The law’s definition covers anything meant to influence the outcome of an
election, referendum, vote or legislative process — which could include
campaigns by charities and civil society.
Small organizations that are “essential” to EU democracy will see their campaign
and fundraising options limited, said Eoin Dubsky, senior campaign manager for
advocacy group Eko.
The Commission only clarified this week that awareness or fundraising campaigns
by NGOs shouldn’t always be considered political ads.
Commission spokesperson Markus Lammert defended the law, underlining in a
comment for this article that it “does not ban political advertising.”

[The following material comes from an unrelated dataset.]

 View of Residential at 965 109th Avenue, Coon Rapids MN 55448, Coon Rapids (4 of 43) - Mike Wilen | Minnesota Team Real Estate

Lammert said Google and Meta are “private companies and their commercial
decisions on the services and products they choose to offer are theirs to make,”

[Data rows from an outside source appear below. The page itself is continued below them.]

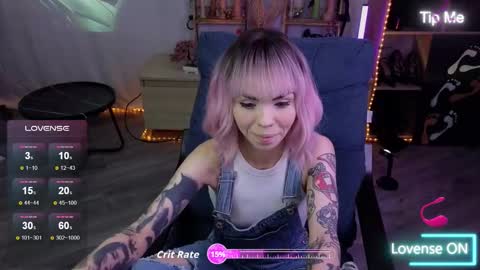 Snapshot of kerry_kirk chatting on 11-13-25, 10:41 Kerry online show from 11-13-25, 10:41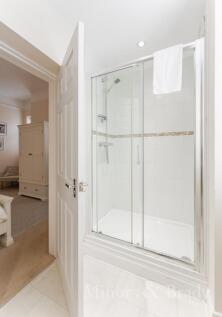 18-4StraceyRdNorwich-19 T202511111245.jpg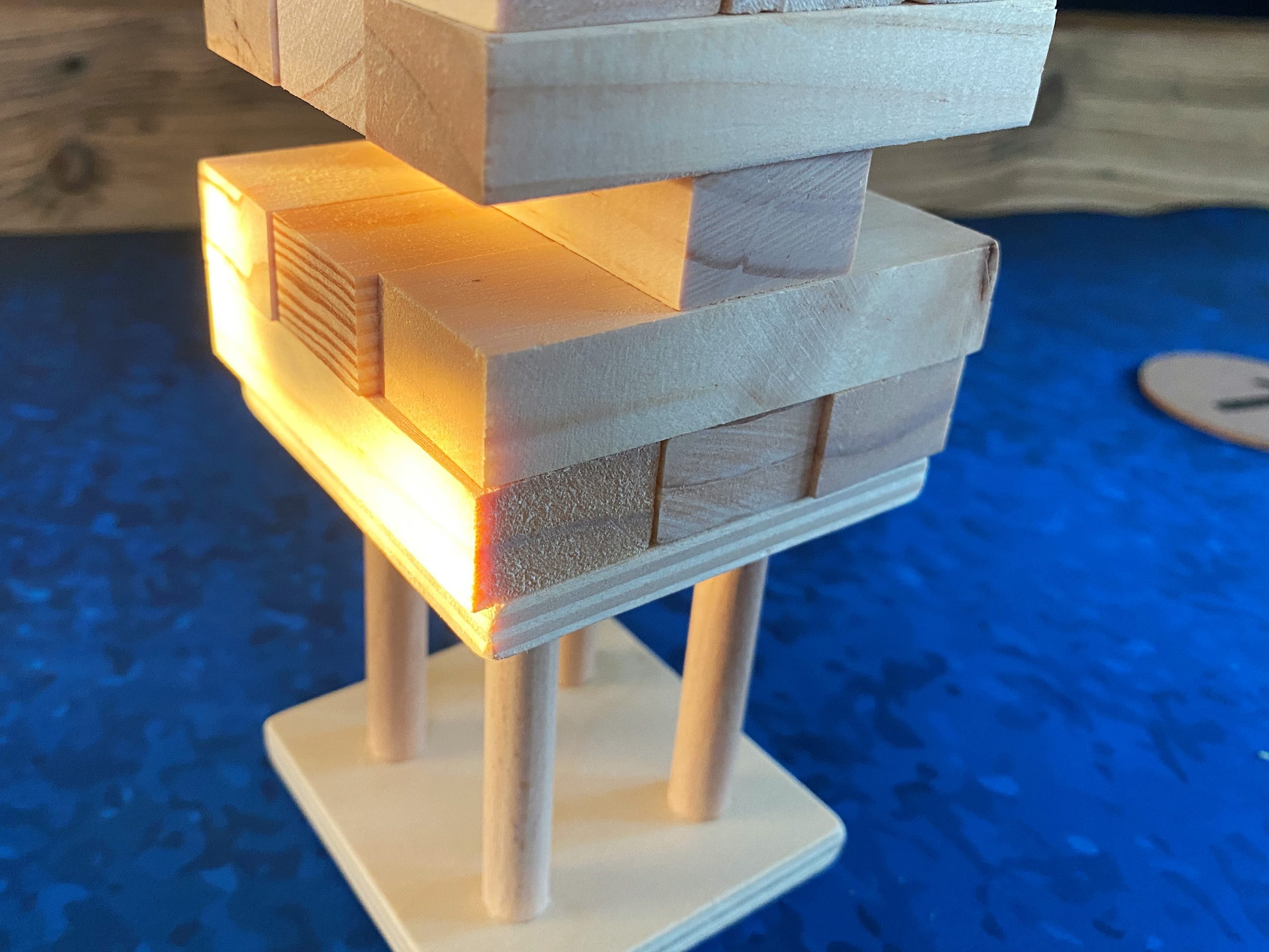 Alle Klötze liegen auf einem Sockel auf.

but that the Commission is also aware of serious concerns from civil society
about the impact.
A group of civil society organizations have written open letters to Meta and
Google, calling for the companies to reconsider their decisions to block
political ads in the EU.
Based on the definition of political advertising, Meta also blocked “social
issue” ads, while Microsoft won’t run “issue-based advertising.” | Olivier
Hoslet/EPA
The Commission’s Lammert said it is in contact with stakeholders and national
governments to “assess the possible impact of Meta’s commercial decision,” and
will continue discussions with both companies on the topic. It will also hold
talks in 2026 to “learn from the experiences at that point and draw insights as
necessary.”
For some, the furore is an unwelcome distraction as the EU grapples with
enforcing other regulations — most notably its Digital Services Act to regulate
content on social media platforms, which already includes requirements on
advertising transparency.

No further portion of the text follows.